• _Data_
────────────────
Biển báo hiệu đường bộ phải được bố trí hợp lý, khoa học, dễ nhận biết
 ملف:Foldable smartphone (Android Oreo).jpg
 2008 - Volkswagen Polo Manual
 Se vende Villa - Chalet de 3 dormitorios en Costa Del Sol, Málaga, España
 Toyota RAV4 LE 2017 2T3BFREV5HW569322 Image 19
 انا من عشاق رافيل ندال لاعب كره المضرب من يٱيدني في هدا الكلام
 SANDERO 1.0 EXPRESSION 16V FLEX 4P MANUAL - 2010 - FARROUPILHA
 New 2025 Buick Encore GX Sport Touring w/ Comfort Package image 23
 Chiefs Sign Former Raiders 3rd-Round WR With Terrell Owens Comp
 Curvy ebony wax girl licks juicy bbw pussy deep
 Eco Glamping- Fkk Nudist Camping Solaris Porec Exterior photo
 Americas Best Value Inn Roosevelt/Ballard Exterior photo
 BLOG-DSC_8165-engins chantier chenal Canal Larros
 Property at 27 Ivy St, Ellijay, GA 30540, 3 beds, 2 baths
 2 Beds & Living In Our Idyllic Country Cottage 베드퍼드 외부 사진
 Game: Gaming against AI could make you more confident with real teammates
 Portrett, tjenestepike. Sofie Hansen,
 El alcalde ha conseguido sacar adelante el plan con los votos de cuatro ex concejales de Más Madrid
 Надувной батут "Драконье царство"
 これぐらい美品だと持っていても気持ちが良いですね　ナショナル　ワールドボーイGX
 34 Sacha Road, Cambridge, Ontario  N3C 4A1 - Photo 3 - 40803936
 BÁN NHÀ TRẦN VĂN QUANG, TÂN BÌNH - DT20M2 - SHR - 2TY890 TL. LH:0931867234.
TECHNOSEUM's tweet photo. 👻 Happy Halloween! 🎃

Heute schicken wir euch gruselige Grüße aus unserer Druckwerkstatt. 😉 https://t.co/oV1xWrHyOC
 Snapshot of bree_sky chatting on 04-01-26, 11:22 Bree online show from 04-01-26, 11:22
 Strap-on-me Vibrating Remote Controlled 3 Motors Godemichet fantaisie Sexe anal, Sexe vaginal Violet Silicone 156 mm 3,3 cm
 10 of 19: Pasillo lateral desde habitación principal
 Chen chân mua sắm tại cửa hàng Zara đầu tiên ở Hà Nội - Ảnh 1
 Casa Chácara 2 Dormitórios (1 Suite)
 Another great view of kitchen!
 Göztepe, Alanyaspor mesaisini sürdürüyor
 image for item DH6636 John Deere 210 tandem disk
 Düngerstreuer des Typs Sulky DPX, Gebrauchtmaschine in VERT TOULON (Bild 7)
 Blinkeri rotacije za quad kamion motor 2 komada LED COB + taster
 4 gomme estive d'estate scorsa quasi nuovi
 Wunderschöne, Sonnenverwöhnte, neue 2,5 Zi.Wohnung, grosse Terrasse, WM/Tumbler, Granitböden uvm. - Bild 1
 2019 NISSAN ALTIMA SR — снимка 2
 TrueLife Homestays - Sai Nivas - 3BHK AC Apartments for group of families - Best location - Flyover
────────────────
• _Instructions for the task_
Your answer must be every line from the entries that contains the string "Bild", copied as it stands.

• _Expected answer_
 Düngerstreuer des Typs Sulky DPX, Gebrauchtmaschine in VERT TOULON (Bild 7)
 Wunderschöne, Sonnenverwöhnte, neue 2,5 Zi.Wohnung, grosse Terrasse, WM/Tumbler, Granitböden uvm. - Bild 1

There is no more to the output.